Tim DeChristopher, 27, faces possible federal charges after winning bids totaling about $1.8 million on more than 10 lease parcels that he admits he has neither the intention nor the money to buy — and he’s not sorry.
“I decided I could be much more effective by an act of civil disobedience.”

Book Cliffs, Utah
…he came to the BLM’s state office in Salt Lake City to join about 200 other activists in a peaceful protest outside the building Friday morning. But then he registered with the BLM as representing himself and went to the auction room.
There, he thought about the times he has marched, fired off letters to his congressmen, signed petitions and supported environmental organizations — all to no avail.
“What the environmental movement has been doing for the past 20 years hasn’t worked,” DeChristopher said.
…The auction had been under way for a couple of hours when energy company representatives became suspicious of a man wearing an old red down parka after he won bids on more than 10 parcels numbered consecutively, all around Arches and Canyonlands…the man, brandishing bidding paddle No. 70 and unknown to the regular buyers, also seemed to be bidding up on parcels, raising prices on leases that others eventually won.
DeChristopher, who acknowledged upping other bids by about $500,000, said he would be willing to go to jail to defend his generation’s prospects in light of global climate disruption and other environmental threats.

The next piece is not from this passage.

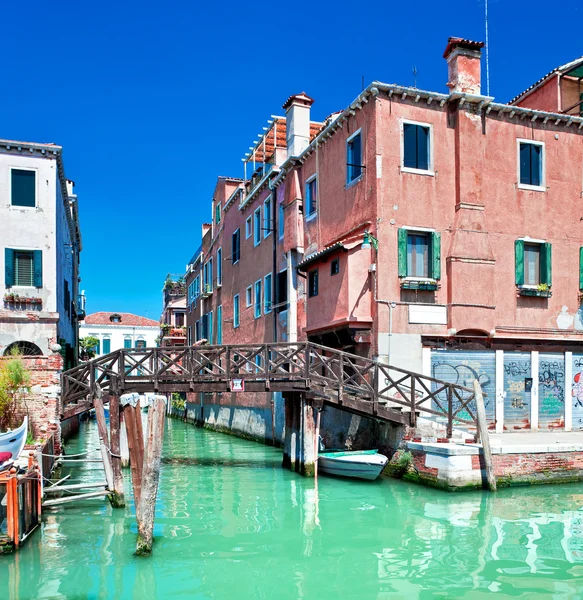 Farbiger venezianischer Kanal mit Brücke und Häusern, die im Wasser stehen, i Stockbild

Since the Election Day announcement of the lease sale, preservationists, conservationists, archaeologists, business owners, river runners, anglers and hunters have registered objections to the BLM’s plans to allow drilling in some of Utah’s most scenic redrock desert.

Desolation Canyon, Utah
They challenged proposed leases near Arches National Park, the White River, the greater Desolation Canyon region, Labyrinth Canyon, the benches east of Canyonlands National Park, Nine Mile Canyon, the Book Cliffs and the Deep Creek Mountains.
Objections also have come from the National Park Service, members of Congress and John Podesta, the head of President-elect Barack Obama’s transition team, who said the lease sale should be halted or altered to accommodate environmental concerns.
…BLM official Terry Catlin said the agency didn’t want to reopen the bidding on the parcels DeChristopher snagged unless all interested parties were able to compete for the leases. That means the parcels won’t be available again until at least February — after Obama takes office — during the next scheduled auction.